UN Tourism Secretary General Outlines Plans to Boost Job Creation in the Caribbean's Tourism Sector

KINGSTON, Jamaica – The United Nations Tourism Secretary-General,  Zurab Pololikashvili has outlined plans to boost job creation and investment in the Caribbean’s tourism industry.

zurbsUN Tourism Secretary-General, Zurab Zurab Pololikashvili addresses the 2nd Global Tourism Resilience Day ConferenceAddressing the second Global Tourism Resilience Day Conference, Pololikashvili underscored the importance of building the resilience of tourism in the Caribbean.

“We need presence; we need to support families whose income is only from tourism and agriculture, and fishing,” he said, adding “I promise all Jamaicans and all Caribbeans that we’ll be here talking about how to develop the tourist industry and how to create new jobs”.

The Secretary-General said jobs were crucial and that UN Tourism would be focussing more on job creation and investments.

“We need more money here, more foreign direct investments in the region” he said warning also “it’s not easy, it takes time.”

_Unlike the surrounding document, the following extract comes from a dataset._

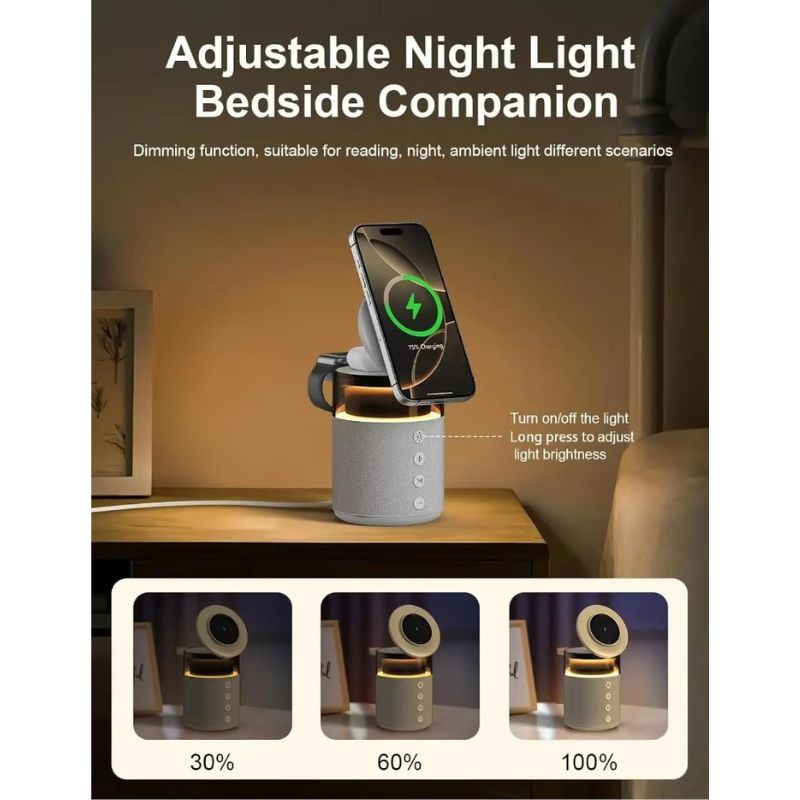 Premium iPhone 5-in-1 Magnetic Wireless Charging Station, 15W Fast-Charge Stand with Bluetooth Speaker, Night Light & Multi-Device Support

The conference was jointly organised by the Ministry of Tourism, UN Tourism (formerly the United Nations World Tourism Organization, UNWTO), and the Global Tourism Resilience and Crisis Management Centre (GTRCMC), which is being rebranded as the Global Tourism Resilience Centre (GTRC).

It was held under the theme “Navigating the Future of Tourism Resilience.”

Jamaica’s Tourism Minister Edmund Bartlett said “understanding the impact and the role that tourism is going to play in how the world changes and morphs into the future is important for us as we try to bring the next generation into an understanding of this great economic activity called tourism.”

Bartlett said the tourism sector is now regarded as one of the fastest ways of transferring wealth, arguably from the rich to the poor.

“So, tourism, in that space, has now become the main driver of this process of building capital across the world, and the value of tourism is that it is not really extracted. It can be but it is not; it adds value every step of the way and it encourages creativity and innovation,” he said.